Elizabeth David’s Italian Food was the source of all such knowledge at that time (still full of excellent recipes and information, and beautifully written), before the River Cafe Cookbook, Jamie, and Carluccio, before indeed every cook of note has to pontificate on television about the origins of pesto in Liguria or how to stuff a Sicilian sardine. Elizabeth David has a section on Pasta Asciutta with an interesting introduction (devoted chiefly to the Futurist Marinetti’s attempt to abolish pasta as ‘an obsolete food: it is heavy, brutalising and gross; its nutritive qualities are deceptive; it induces scepticism, sloth, and pessimism.’) She says: ‘To make pasta at home it is essential to have either a very large pastry board … or a marble-topped table.’ It may have been this comment that inspired me to embark on the endeavour, having become the proud owner of such a table (bought for a few shillings: marble was cheaper than wood in those days, and people were throwing it out in favour of formica). ‘Pour the flour in a mound on the board, make a well in the middle and break in the 2 eggs… Fold the flour over the eggs and proceed to knead with your hands until the eggs and flour are amalgamated…’
At this point something very strange happened in my psyche. I was overcome by a sense of ecstatic excitement which welled-up inside me, so intense and overwhelming that I felt I might pass out. How long did this last? I haven’t a clue; perhaps just a couple of minutes. Its passing was slow, but complete and a little desolating.
What was this about? Some wholly buried memory from infancy, perhaps helping my mother cook or playing with flour and water paste? There were no further memories or incidents attached to it; this wasn’t like Proust eating his madeleine, becoming flooded with the remembrance of things past.

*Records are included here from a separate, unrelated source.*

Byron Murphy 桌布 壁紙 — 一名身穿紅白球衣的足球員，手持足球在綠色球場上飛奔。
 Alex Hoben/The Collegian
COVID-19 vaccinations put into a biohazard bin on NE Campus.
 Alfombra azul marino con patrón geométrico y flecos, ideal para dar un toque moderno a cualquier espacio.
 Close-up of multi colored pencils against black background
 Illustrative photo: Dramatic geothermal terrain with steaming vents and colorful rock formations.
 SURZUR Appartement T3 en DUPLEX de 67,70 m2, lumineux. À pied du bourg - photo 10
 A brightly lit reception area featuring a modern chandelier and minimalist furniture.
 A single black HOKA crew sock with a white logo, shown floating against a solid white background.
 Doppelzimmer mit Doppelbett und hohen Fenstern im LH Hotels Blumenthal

The pasta, when we tried to eat it in the evening, was completely revolting, like india-rubber. I have tried again a few times since, but scarcely with better results; and never again, alas, have I felt on the brink of drowning in a surge of unspecified ecstasy. Which brings me to the real point of this effusion. What unusual memories have I (or you) stored away from Learn Italy holidays? English seems peculiarly deficient in words for different sorts of memory. I’d like to specify one particular kind: the memory of recognition. When I hear the sound of waves on a beach, or the call of the cuckoo, I think, oh yes, that’s what it’s like, here I am again hearing these familiar but not for me everyday noises − without bringing any particular experience to mind. This recognition makes me mindful of layer upon layer of memory. There are at least two things that will always make me recall Learn Italy trips of the last dozen years. One is the rhythm of a coach driving over a bridge, or a section of elevated motorway − pe-dum… pe-dum… pe-dum… And the other is the smell of warm patisserie, those sweet brioches and cakes (that actually I don’t much like for breakfast), wafting up to me at about six in the morning, in bed somewhere on the upper floors of a hotel, waking to this heavenly aroma.